The new federal pilot signaled by IRCC is described as a more targeted “boutique” program. Public details are limited, but two anchors are confirmed: federal business admissions are capped at roughly 500 per year under the 2026 to 2028 Immigration Levels Plan, down from 1,000 historically; and the new pilot is expected to prioritize founders already in Canada on work permits and businesses in sectors with what IRCC calls “significant economic benefit.” Until the pilot is published, the only realistic federal route in 2026 is finishing an in-flight SUV file. Provincial and Quebec routes are the active alternatives.
Start-up Visa Program: How It Works When Open
The Start-up Visa Program admits founders who have built a Canadian business backed by an IRCC-approved designated organization. Even with intake paused, the design is worth understanding because the new 2026 pilot is expected to share several SUV building blocks (designated organization gatekeeping, language test, PR-from-day-one structure).
Who Can Apply
Up to five co-founders can apply on a single SUV application, each receiving PR.

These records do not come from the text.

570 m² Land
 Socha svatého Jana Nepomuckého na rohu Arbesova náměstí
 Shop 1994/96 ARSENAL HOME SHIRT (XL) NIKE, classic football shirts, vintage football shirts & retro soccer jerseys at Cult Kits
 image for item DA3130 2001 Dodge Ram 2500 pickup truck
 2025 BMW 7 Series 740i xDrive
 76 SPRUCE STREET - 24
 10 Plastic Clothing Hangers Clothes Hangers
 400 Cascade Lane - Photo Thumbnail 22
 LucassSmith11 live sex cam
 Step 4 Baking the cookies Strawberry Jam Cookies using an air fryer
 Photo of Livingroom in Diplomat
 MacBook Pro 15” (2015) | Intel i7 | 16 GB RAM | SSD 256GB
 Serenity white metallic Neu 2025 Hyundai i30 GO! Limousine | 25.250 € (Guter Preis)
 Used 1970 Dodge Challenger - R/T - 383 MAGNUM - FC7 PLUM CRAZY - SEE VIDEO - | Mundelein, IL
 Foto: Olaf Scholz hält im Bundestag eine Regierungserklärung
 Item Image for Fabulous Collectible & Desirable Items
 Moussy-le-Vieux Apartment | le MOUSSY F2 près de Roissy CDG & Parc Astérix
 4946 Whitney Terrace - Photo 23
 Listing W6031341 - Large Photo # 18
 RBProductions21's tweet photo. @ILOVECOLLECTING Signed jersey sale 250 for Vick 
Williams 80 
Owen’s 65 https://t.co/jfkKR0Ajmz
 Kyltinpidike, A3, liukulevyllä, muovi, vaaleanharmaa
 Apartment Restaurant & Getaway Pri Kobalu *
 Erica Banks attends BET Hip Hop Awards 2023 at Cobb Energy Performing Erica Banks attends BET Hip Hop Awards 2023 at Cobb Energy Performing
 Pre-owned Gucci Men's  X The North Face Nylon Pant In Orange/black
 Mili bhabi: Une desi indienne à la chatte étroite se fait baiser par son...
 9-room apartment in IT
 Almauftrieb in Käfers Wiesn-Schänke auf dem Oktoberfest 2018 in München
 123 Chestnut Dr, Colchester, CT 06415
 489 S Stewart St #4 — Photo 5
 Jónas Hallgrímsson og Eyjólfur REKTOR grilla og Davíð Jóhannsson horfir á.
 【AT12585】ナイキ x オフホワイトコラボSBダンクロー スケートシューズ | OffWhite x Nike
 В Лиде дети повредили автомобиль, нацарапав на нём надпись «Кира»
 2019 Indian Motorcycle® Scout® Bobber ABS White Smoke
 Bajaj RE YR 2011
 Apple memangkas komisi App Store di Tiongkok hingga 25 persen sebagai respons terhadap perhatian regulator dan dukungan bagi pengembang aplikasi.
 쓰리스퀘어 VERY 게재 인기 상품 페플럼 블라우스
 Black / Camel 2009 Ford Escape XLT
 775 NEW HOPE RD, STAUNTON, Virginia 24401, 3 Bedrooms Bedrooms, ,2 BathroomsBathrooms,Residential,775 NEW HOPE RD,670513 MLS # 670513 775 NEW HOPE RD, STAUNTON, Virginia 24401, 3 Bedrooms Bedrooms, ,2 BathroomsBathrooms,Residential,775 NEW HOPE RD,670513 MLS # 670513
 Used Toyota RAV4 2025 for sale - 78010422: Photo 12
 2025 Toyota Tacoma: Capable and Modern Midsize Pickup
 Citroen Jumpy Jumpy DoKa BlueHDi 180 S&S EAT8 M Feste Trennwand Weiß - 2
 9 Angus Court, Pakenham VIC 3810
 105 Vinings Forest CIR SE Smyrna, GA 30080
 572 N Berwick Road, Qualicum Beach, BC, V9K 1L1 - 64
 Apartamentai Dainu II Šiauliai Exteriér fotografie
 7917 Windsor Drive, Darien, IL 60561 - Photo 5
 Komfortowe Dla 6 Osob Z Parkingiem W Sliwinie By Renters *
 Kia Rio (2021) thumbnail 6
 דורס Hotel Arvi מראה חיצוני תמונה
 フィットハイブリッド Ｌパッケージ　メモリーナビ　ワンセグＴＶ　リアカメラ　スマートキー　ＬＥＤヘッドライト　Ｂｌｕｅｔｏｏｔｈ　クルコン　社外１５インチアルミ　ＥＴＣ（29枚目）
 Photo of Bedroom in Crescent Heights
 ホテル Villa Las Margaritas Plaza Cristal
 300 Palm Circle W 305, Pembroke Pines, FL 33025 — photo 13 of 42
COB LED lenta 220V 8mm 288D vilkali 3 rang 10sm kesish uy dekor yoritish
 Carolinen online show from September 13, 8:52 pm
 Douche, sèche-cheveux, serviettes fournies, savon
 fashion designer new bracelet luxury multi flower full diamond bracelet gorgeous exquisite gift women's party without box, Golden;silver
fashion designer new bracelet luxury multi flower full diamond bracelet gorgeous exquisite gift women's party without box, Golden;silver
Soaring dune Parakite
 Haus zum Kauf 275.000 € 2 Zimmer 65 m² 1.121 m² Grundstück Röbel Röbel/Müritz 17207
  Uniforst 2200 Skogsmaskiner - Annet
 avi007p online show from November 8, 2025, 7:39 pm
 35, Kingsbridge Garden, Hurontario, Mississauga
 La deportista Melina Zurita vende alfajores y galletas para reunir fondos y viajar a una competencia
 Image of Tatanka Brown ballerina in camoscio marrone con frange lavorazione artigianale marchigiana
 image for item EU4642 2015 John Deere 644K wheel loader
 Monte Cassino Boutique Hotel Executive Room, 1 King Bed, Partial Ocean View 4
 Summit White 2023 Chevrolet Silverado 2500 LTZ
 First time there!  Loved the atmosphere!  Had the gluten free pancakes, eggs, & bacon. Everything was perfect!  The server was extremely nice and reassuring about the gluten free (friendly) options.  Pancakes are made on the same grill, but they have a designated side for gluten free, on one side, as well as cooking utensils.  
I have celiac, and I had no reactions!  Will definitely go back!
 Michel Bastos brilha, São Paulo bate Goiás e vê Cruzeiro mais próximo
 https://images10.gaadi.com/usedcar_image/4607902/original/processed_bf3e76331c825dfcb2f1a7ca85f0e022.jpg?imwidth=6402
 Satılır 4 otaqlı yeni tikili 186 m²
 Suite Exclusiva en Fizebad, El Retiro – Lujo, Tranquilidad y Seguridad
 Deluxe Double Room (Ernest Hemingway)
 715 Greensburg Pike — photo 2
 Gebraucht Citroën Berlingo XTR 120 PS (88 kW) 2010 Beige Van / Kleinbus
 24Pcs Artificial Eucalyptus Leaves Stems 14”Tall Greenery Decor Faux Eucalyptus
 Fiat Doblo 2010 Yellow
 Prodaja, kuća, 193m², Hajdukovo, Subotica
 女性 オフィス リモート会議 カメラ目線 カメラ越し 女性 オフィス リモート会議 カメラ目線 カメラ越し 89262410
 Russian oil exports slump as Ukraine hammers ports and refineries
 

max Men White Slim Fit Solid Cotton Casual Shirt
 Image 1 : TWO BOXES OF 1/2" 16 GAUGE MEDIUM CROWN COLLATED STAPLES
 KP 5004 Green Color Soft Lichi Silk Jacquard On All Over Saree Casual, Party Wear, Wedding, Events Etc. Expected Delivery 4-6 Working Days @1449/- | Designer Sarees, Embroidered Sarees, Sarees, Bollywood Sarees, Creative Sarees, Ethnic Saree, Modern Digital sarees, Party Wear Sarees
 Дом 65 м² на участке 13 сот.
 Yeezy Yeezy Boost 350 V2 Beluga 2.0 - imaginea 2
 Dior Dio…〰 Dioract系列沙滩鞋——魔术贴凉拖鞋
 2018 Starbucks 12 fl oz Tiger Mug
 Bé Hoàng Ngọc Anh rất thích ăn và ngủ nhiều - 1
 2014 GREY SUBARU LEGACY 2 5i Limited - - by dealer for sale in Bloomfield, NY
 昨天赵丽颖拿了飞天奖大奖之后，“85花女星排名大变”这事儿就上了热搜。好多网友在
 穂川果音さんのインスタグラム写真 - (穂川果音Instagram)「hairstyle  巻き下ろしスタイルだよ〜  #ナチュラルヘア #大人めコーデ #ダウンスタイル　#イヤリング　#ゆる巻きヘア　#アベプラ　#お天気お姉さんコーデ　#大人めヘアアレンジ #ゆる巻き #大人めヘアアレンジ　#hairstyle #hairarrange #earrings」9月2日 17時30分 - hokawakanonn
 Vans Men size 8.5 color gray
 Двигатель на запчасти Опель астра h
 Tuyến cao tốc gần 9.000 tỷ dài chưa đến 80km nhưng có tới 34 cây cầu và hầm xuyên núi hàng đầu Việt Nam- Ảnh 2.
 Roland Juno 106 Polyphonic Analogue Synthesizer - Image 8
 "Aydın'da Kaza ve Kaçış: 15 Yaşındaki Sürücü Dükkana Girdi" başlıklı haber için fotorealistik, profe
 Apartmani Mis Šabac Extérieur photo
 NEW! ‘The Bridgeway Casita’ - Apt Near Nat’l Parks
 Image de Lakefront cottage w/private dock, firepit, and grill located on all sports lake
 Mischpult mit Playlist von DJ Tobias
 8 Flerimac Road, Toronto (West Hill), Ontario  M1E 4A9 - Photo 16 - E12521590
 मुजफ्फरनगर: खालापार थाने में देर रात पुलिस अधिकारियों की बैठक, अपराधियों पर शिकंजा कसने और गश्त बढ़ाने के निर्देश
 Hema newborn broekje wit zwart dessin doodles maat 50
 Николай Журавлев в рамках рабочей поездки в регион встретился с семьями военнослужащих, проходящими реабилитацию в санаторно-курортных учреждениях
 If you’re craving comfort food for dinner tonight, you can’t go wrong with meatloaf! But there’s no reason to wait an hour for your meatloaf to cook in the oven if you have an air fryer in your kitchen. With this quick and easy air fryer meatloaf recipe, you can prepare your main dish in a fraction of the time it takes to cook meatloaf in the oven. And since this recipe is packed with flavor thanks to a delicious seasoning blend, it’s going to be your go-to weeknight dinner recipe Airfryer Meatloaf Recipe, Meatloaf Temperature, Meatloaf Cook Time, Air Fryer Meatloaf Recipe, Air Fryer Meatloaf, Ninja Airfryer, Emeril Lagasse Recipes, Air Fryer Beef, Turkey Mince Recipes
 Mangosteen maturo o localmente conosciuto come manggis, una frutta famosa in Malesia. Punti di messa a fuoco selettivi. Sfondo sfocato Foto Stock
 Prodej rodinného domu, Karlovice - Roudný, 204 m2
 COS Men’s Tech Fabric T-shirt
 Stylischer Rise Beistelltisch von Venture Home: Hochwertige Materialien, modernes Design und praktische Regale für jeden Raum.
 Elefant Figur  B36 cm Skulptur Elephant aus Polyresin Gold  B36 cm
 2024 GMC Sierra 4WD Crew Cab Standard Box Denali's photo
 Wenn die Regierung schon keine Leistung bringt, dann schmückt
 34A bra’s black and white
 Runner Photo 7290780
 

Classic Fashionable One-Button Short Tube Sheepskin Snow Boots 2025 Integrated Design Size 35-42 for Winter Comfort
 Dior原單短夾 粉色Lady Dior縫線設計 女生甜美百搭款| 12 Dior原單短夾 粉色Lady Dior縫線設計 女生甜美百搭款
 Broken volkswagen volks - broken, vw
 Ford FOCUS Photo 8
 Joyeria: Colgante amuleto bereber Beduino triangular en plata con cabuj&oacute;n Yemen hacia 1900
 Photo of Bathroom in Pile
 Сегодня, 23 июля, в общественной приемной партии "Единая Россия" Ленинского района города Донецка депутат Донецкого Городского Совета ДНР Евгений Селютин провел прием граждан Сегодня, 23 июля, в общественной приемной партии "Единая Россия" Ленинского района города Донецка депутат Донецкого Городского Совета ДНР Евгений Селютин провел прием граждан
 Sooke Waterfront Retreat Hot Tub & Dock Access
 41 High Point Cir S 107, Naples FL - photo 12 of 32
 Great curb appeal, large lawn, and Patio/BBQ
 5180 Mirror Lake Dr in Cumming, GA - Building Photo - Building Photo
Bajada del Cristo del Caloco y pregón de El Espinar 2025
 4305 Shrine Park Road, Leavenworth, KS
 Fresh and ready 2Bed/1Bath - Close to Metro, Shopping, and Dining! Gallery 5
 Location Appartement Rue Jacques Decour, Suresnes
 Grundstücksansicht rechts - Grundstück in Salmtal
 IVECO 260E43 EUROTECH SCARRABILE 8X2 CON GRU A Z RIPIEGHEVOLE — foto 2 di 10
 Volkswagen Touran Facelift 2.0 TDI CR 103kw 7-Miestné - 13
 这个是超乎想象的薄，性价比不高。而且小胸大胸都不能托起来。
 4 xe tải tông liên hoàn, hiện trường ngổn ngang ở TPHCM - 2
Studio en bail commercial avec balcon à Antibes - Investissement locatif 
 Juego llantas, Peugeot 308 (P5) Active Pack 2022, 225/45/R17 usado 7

- A qualifying business. Each applicant holds at least 10% of voting rights, and the applicants and the designated organization together hold more than 50%. Active management must take place in Canada.
- A letter of support from a designated organization. Issued by an IRCC-listed venture capital fund (CAD $200,000 minimum investment), angel investor group (CAD $75,000 minimum investment), or business incubator (no investment, but acceptance into the program required).
- Language at Canadian Language Benchmark (CLB) Level 5 or higher in English (IELTS General or CELPIP General) or French (TEF or TCF). Test results must be less than two years old.
- Settlement funds. Held in your name, not borrowed. The 2026 figure for a single applicant is CAD $13,757; figures scale by family size. IRCC publishes the table on the Start-up Visa eligibility page.
Designated Organizations
Designated organizations are the gatekeepers. IRCC maintains the official list and is not designating new organizations during the pause. Three categories exist:
- Designated venture capital funds (about 22 active members, including iNovia Capital, BDC Venture Capital, Relay Ventures, Yaletown Venture Partners, Vanedge Capital, and WhiteHaven Venture). Minimum investment CAD $200,000.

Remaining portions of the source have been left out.